Selection by indicator levels is demonstrated by Select>Variables>(•Indicator levels)>(Indicator name: ID?)>Levels>(Include: 1) & (Available: 0), giving a subset of the Tasmania copepods data sheet which drops the undetermined species. Of course, for such a small data set there are simpler ways of dropping these last five species – see the range of selection options in Section 3.

ScreenshotPage43b.png

Now reverse the selection by Select>All (and Edit>Clear Highlight if you wish), and resave the Tasmania ws.pwk workspace, using File>Save Workspace, for use in later sections.

One apparently obvious application for indicators is to specify which species belong to which higher-order taxonomic groups. If separate multivariate analyses are required by major phyletic group, for example, then the different phyla should be set up as an indicator on the species, since this will allow easy selection of the species in a single phylum from the samples $\times$ species sheet.

Variable information (aggregation files)

However, the full range of hierarchical indicators represented by a Linnaean classification (which species belong to which genera, which genera to families, families to orders, etc.) are usually also best held separately, as a different type of array – that of variable information. Mainly for historical reasons these are termed ‘aggregation files’ in PRIMER, since their initial use was for aggregating species abundances up to genus, family, order, … level information, to judge the extent of change to the interpretation of analyses under coarser identification of taxa (see Chapter 10 of the CiMC manual), and this binary file format is therefore denoted by *.agg. However, in PRIMER 7, arrays of variable information can be more general (and have other Type definitions than Taxa). Former aggregation file formats can be opened and PRIMER 7 outputs the full range of previous types, e.g. Save as type: PRIMER Var Info Files (*.agg) for PRIMER 7 (binary); PRIMER 6 or 5 aggregation files.agg (also binary); and simple Text (*.txt) or Excel (*.xls) (or *.xlsx) sheets. Examples using aggregation files will be seen later (Sections 5, 11, 15) though the simple rectangular format is seen here by opening Groundfish taxonomy.agg from the C:\Examples v7\Europe groundfish directory. Three ways in which it might be used are to: a) aggregate abundance to higher taxa with Tools> Aggregate (Section 11, and Chapter 10 of CiMC); b) compute biodiversity indices based on the relatedness of species in a single sample, e.g. with Analyse>DIVERSE (Section 15, Chapter 17); c) compute resemblance measures between two samples reflecting (higher) taxonomic relatedness of the species found there (Section 5, Chapter 17).

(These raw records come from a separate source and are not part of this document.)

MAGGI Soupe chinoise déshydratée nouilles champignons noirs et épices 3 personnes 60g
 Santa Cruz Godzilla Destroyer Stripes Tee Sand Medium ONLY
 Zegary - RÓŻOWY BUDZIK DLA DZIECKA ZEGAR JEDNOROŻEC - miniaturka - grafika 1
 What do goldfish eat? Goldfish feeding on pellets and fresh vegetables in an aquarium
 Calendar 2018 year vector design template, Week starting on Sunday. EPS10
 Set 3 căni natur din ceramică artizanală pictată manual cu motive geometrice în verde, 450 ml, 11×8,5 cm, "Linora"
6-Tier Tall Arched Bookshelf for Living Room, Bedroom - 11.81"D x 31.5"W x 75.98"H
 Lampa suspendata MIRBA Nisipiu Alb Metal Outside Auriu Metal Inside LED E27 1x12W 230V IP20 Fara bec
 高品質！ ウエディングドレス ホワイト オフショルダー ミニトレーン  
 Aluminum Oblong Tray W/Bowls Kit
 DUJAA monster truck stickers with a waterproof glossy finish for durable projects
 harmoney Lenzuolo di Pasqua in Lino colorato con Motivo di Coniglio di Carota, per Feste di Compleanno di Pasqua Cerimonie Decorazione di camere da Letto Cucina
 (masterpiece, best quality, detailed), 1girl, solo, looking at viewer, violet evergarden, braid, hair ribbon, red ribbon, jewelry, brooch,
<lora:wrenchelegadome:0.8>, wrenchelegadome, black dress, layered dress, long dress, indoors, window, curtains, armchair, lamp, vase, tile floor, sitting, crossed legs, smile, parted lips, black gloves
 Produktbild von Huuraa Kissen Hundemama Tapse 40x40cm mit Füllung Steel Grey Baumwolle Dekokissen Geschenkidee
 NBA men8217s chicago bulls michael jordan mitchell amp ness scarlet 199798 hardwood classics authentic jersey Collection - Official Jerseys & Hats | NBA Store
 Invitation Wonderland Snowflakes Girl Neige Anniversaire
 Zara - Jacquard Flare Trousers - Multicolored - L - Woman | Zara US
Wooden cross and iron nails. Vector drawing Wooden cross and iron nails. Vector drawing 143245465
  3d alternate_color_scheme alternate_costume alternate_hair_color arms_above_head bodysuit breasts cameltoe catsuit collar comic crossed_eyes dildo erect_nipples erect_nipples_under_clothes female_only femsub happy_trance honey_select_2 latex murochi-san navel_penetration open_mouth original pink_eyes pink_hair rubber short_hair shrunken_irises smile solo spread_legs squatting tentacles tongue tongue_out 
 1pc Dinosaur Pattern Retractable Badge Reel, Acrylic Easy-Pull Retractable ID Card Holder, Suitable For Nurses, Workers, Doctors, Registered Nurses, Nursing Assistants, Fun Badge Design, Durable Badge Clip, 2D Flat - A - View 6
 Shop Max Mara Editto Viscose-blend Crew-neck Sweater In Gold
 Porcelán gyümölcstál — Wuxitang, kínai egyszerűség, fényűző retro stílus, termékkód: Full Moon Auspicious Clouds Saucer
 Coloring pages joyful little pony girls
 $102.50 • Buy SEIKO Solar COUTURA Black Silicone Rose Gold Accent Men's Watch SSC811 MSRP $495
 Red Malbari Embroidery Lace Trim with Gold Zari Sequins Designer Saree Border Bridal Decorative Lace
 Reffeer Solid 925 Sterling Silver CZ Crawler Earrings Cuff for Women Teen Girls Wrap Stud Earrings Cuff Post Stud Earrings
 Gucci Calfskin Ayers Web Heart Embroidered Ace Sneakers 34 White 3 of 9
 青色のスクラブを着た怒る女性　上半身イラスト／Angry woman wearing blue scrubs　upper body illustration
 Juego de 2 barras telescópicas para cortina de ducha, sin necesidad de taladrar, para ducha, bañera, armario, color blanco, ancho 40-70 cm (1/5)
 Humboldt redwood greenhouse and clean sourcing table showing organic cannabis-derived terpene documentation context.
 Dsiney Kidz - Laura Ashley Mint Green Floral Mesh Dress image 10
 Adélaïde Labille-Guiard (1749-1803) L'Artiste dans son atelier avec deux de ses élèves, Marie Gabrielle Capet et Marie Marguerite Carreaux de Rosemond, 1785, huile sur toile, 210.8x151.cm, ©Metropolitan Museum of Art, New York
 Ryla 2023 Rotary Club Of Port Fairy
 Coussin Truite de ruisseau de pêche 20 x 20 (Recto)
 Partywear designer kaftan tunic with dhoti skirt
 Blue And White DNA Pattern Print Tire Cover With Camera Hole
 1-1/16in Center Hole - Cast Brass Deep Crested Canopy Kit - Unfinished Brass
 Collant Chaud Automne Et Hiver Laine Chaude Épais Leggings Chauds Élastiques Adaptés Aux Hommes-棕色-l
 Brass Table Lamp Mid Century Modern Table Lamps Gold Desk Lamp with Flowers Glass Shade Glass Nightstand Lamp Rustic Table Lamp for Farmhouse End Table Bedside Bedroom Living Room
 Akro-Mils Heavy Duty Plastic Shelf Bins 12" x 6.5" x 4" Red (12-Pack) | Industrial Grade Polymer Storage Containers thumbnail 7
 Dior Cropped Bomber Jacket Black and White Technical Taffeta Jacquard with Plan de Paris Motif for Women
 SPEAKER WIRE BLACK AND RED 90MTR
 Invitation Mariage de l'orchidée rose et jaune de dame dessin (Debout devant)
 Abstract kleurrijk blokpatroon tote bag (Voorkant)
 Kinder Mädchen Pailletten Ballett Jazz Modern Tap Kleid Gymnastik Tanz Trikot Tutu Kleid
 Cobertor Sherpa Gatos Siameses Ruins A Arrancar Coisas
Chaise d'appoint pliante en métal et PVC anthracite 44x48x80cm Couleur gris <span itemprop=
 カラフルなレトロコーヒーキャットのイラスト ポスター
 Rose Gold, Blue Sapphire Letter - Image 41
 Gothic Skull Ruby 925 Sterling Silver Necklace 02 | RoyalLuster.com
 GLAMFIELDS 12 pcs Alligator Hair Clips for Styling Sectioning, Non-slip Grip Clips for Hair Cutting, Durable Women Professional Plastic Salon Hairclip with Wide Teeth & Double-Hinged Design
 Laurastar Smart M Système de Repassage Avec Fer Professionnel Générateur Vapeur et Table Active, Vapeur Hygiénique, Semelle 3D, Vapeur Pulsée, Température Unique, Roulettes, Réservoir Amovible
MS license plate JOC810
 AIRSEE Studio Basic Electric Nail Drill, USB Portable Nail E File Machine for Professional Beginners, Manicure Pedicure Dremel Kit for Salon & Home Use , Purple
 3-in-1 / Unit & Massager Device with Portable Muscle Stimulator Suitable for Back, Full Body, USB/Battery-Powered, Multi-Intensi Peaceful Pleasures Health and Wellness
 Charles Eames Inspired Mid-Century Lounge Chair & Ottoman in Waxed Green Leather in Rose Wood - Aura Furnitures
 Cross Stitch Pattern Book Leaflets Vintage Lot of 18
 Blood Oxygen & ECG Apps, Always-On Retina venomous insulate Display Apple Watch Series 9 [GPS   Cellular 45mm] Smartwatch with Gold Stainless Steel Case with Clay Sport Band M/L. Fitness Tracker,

This new variable information sheet (below) permits the non-numeric entries which are essential for a variables $\times$ taxa ‘look-up’ table but also, and newly in PRIMER 7, will carry over several of the general features of sample $\times$ variables arrays, in that indicators defined on the variables can now be carried around with this array. This might permit the aggregation file to hold alternative names for single species, for example, with an indicator that can be used to select only the taxonomic revision relevant to the historic date of collection/identification of the species count matrix. Importantly, it also allows easy selection of aggregation file subsets, e.g. for testing taxonomic distinctness indices against differing ‘master lists’ by region, habitat or faunal group (Chapter 17 of CiMC). The simple indicator in the example below could be used to select only the Osteichthyes (Class# = 2) from the Variable information: Groundfish taxonomy, as well as from the data: Groundfish density(.pri).

ScreenshotPage44a.png

Note the final entry on the Edit menu here. The concept of Descriptors is not particularly relevant to Variable information of type Taxa (they are potentially more relevant to other types of Variable information) but they are the third construction logically needed. Categories (or alternative labels) applied to Samples are termed Factors, when applied to Variables they are called Indicators and when applied to Variable information they are Descriptors.